The answer may be harder to surmise, but that may not be the question that matters. Maybe the question is what happens next.

As far as the liability protections go for the owner and manager of the Dali, which have filed court papers in Baltimore to cap their legal exposure and deny blame for the incident, the law is what the law is today — and that limits liability at the post-casualty value of the container ship and pending freight under certain circumstances.

That fact alone should raise questions over whether the cap is still fit for purpose, and if not, what might take its place. If that questioning leads to a safety-driven rethinking of those limits, that could be a good thing.

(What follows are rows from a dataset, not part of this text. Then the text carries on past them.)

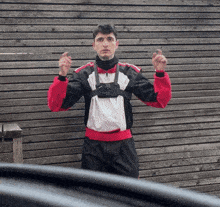 a man in a red white and black jacket stands in front of a wooden wall with his hands in the air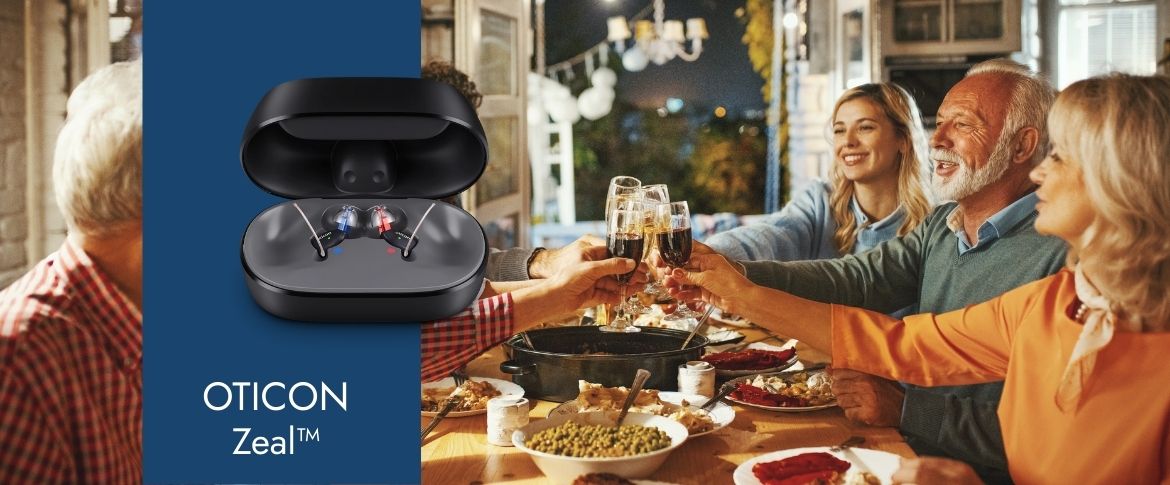 Oticon Zeal Hörgeräte im Ladeetui neben einer Gruppe, die beim Abendessen anstößt. Gemütliche Stimmung und gemeinsames Essen.​​​​​​​​​​​​​​​​​​​​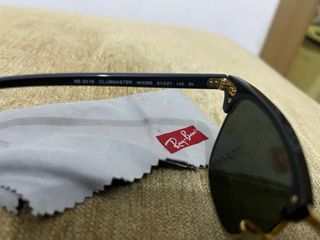 Gafas de sol Ray-Ban Clubmaster negras y doradas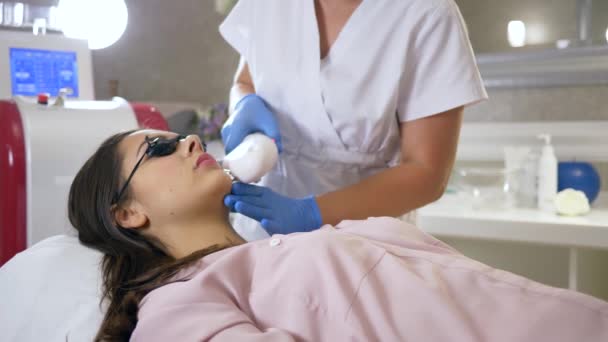 Лазерная эпиляция, специалист-косметолог делает удаление волос на коже пациентки женского пола в салоне красоты — стоковое видео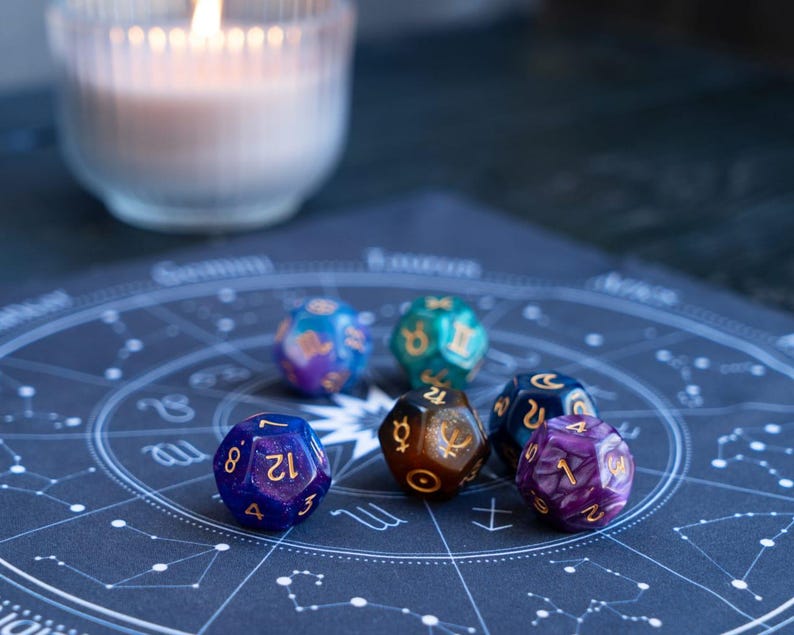 Peut inclure: Plusieurs d&eacute;s poly&eacute;driques color&eacute;s avec des chiffres dor&eacute;s, pos&eacute;s sur un tableau astrologique bleu fonc&eacute;. Les d&eacute;s sont de diff&eacute;rentes couleurs, notamment bleu, violet, vert et marron. Une bougie allum&eacute;e dans un verre est en arri&egrave;re-plan.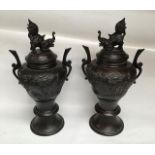 Pair Bronze twin handled Urns with covers, damage to one handle. 34cm tall including cover.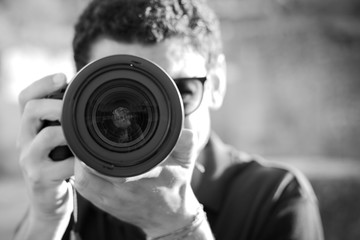 Ritratto di ragazzo che scatta fotografia con fotocamera reflex in bianco e nero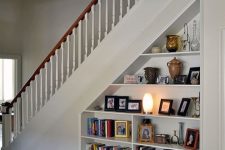 an open storage under built into the staircase is a cool bookcase that doesn’t require any floor space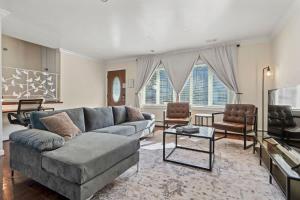 a living room with a couch and a tv at Group Chic - 25 Mins to NYC - FREE Parking - Washer & Dryer in Fairview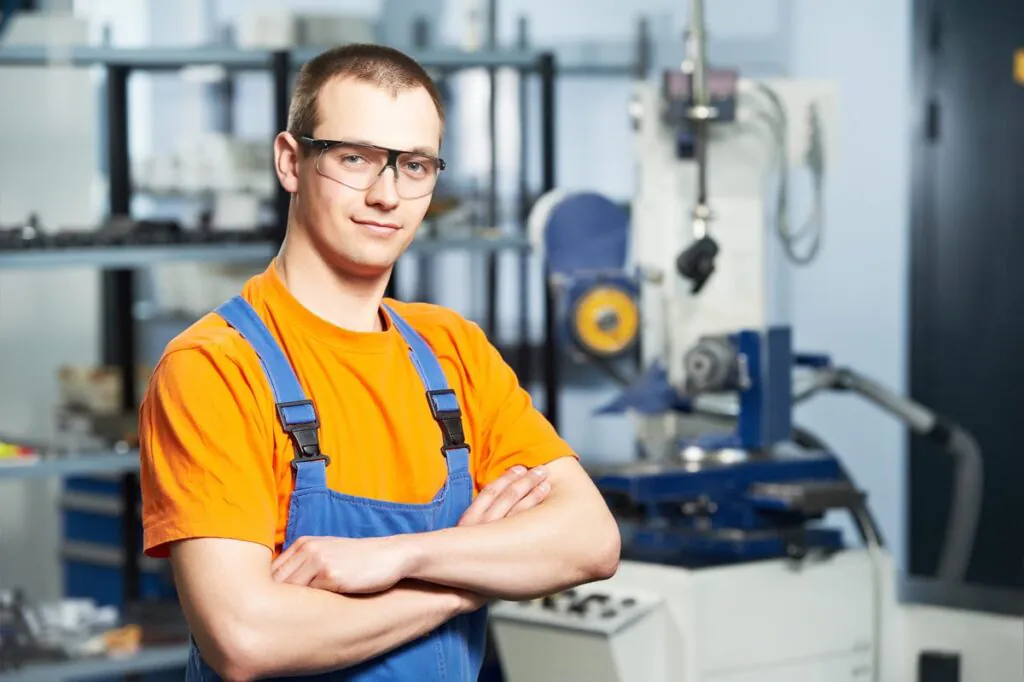 Een technicus in werkkleding met een veiligheidsbril poseert zelfverzekerd met zijn armen over elkaar in een werkplaats, ondersteund door geavanceerde SAP FSM-oplossingen voor efficiënt field service management.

As a journalist who has covered the legal battles that follow shipping casualties for decades, I understand the visceral reaction to the limitation of liability that my colleague Joe Brady described in the wake of the Baltimore disaster.

If a shipping company is to blame for a casualty — and in the case of the Dali it is too soon to say whether that is what happened — should it not face the full brunt of legal exposure?

But in law school, I also learned how apportioning liability is a complex dance that, when done right, can further public policy goals, incentivise behaviour that will lead to better outcomes and disincentivise behaviour that does the opposite.

In the middle of the 19th century, the public policy arguments behind the original Limitation of Liability Act were focused on giving US shipowners a better competitive position in international trades in an industry that was fraught with hazards they couldn’t control.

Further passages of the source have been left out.